Despite Turkey’s growing presence in the Caucasus, Russia preserved its role of regional arbiter. On January 11, Russian President Vladimir Putin hosted Armenian Prime Minister Nikol Pashinyan and Azerbaijan’s President Ilham Aliyev to discuss the implementation of the peace deal that ended the war in Nagorno-Karabakh in November 2020. What are the crucial segments of the new agreement that the three leaders signed in Moscow?
According to the document, the measures involve the restoration and construction of new transport infrastructure facilities necessary for the organization, implementation and security of international transportation through the Republic of Azerbaijan and the Republic of Armenia. In other words, as the Azeri leader pointed out, Armenia will have a railway connection with Russia through Azerbaijan, while Yerevan undertakes to ensure a stable rail connection between Azerbaijan and its exclave of Nakhchivan through Armenian territory.
The very implementation of this deal would de facto limit Yerevan’s sovereignty over significant section of southern Armenia where the Russian security services would be escorting Azerbaijani military convoys from mainland Azerbaijan on their way to Nakhchivan. This is one of the reasons why many Armenians strongly oppose the Moscow-brokered truce agreement that Pashinyan signed with Aliyev on November 9, 2020. From the Armenian perspective, the realization of the Nakhchivan corridor is a continuity of their defeat. Once the road is completed, Yerevan will lose the last trump card it had vis-à-vis Azerbaijan.
The trilateral agreement, signed on January 11, has another critical problem — a potential withdrawal of at least one party from the deal implementation means the termination of the mandate of the Russian peacekeepers who were deployed to Nagorno-Karabakh in November. The Russians are formally located on Azerbaijani territory, which means that, in the event of the collapse of the agreement, they will be forced to leave the zone.

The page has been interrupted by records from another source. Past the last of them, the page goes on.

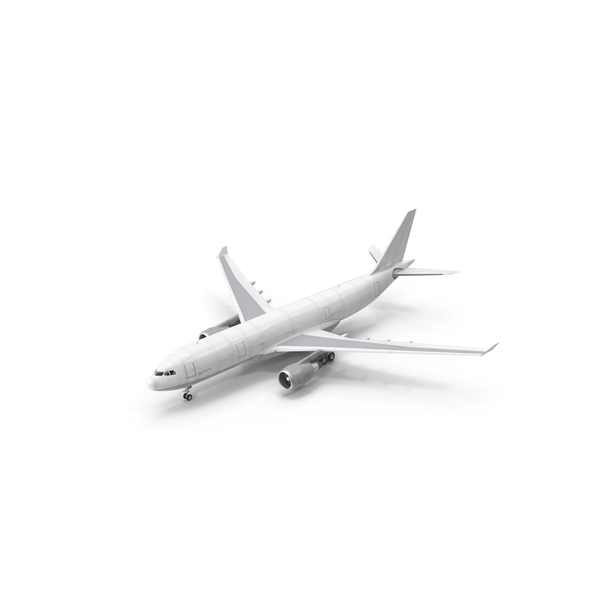 Airliner: Airbus A330 P2F Generic PNG & PSD Images Airliner: Airbus A330 P2F Generic PNG & PSD Images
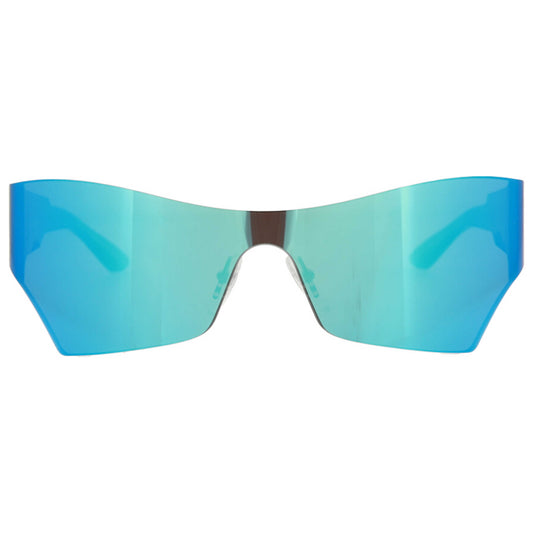 Balenciaga Fashion Unisex Sunglasses BB0040S-30007244-004 - Image #2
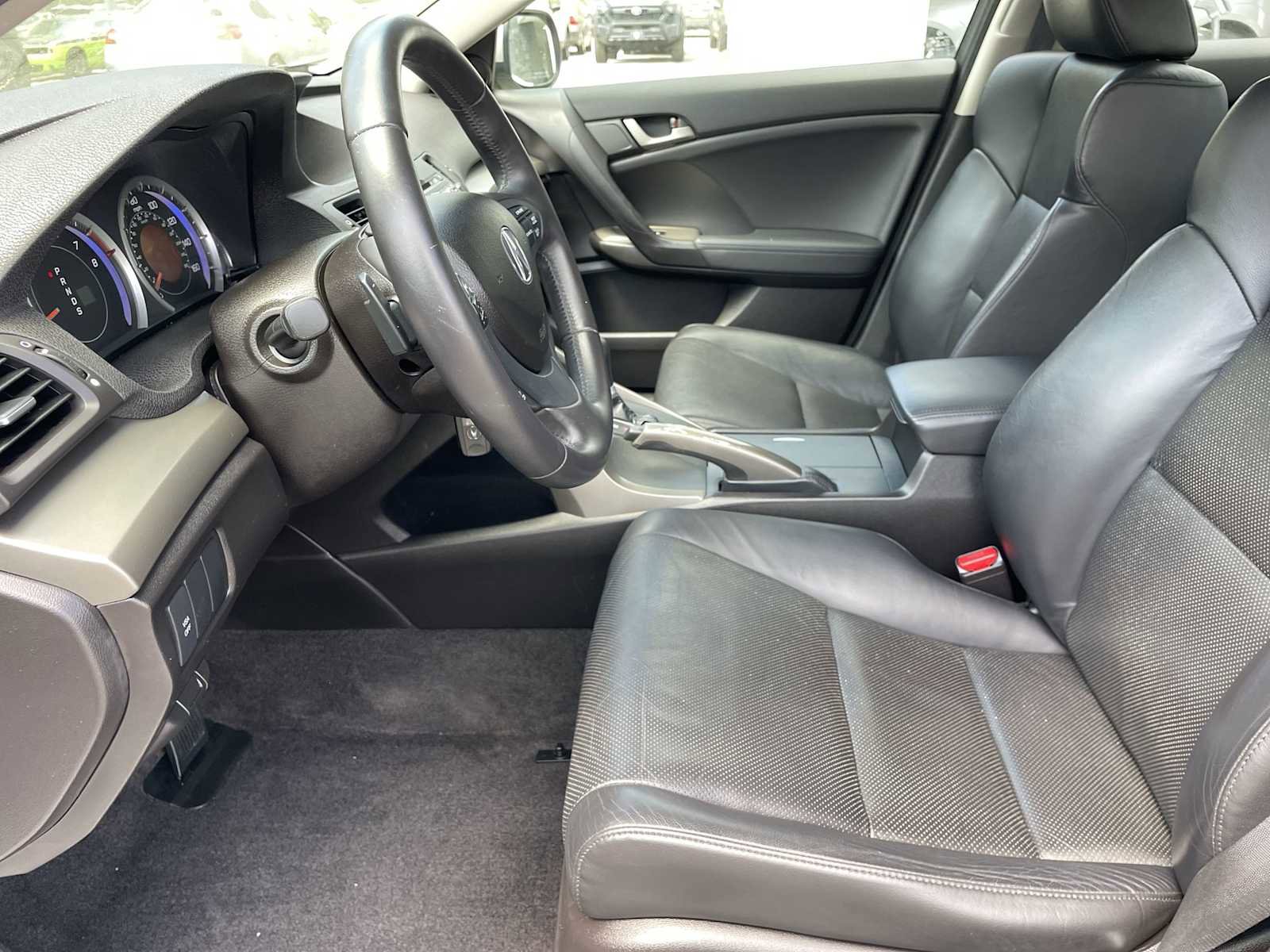Used 2010 Acura TSX Sedan image 10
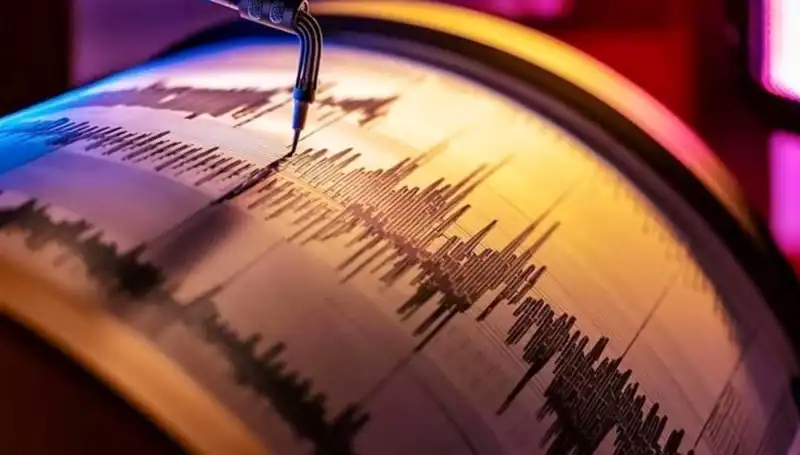 Düzce’de 3.3 Büyüklüğünde Deprem: Neler Yaşandı?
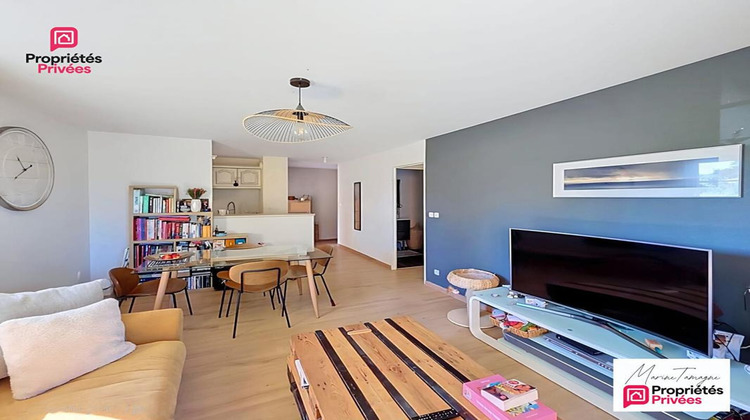 Ma-Cabane - Vente Appartement VERBERIE, 61 m²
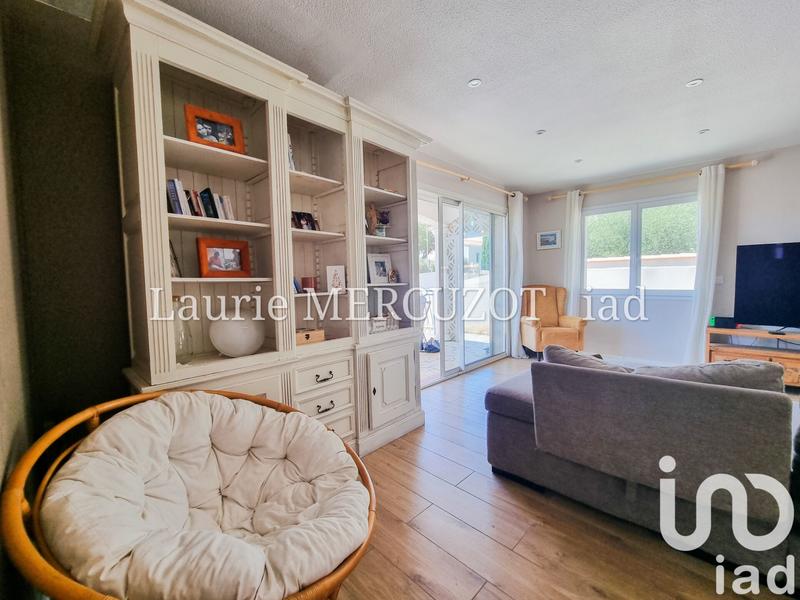 Maison - 206 m² - 6 pièces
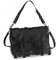 Marco Tozzi Damen Handtasche 2-2-61012-27, BLACK ANTIC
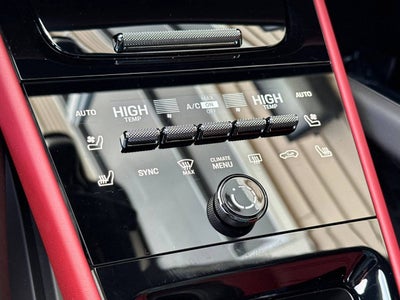 2026 Porsche Cayenne GTS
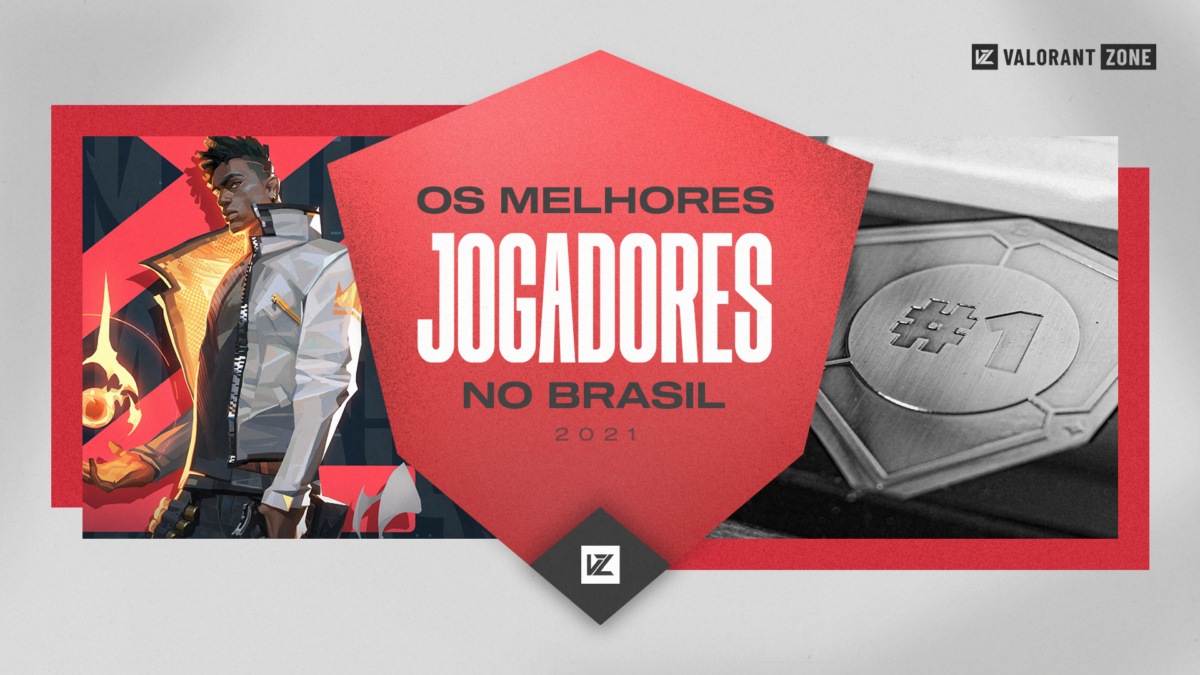 Opinião: O melhor jogador de VALORANT do mundo é brasileiro - Mais Esports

At the same time, Turkey remains an ally of Azerbaijan, and Baku perfectly understands that without direct Turkish assistance, victory in the war would be, to put it mildly, very problematic. That is why Ankara remains above the fight and above the game, but at the same time it is a full-fledged participant in the process. According to some reports, the Turkish military is already in Azerbaijan, and their status is outside the framework of the trilateral agreement. Although Baku denies that Ankara plans to establish military bases in Azerbaijan, such a scenario is more than likely. The Turkish goal is an explicit military presence in the energy rich region, where Ankara was previously represented only implicitly. Therefore, Turkish President Recep Tayyip Erdodan did not have to travel to Moscow to meet with leaders or Russia, Armenia and Azerbaijan. He was represented there by Aliyev.
Pashinyan, on the other hand, is the leader of a defeated country, which means that he had to sign any document that was presented to him. The main question, however, is why is Putin twisting Pashinyan’s arm and making him sign humiliating capitulation deals. The Kremlin propagandists, traditionally, blame Pashinyan claiming that he is “an agent of the US billionaire George Soros”, and that he is responsible for the Armenian defeat. Still, it remains unclear why Moscow did not prevent “Soros’s agent” from coming to power in May 2018, nor why it refused to get involved in the conflict and protect its ally in the Collective Security Treaty Organization (CSTO). Officially, Azerbaijan was not at war with Armenia, but was fighting Armenia-backed Nagorno-Karabakh forces, which means that Armenia, as CSTO member-state, has not been attacked. However, there were several reports of Azerbaijan shelling Armenian territory, and even destroying Armenia’s air defense systems. Still, such actions never resulted in Russia’s direct intervention.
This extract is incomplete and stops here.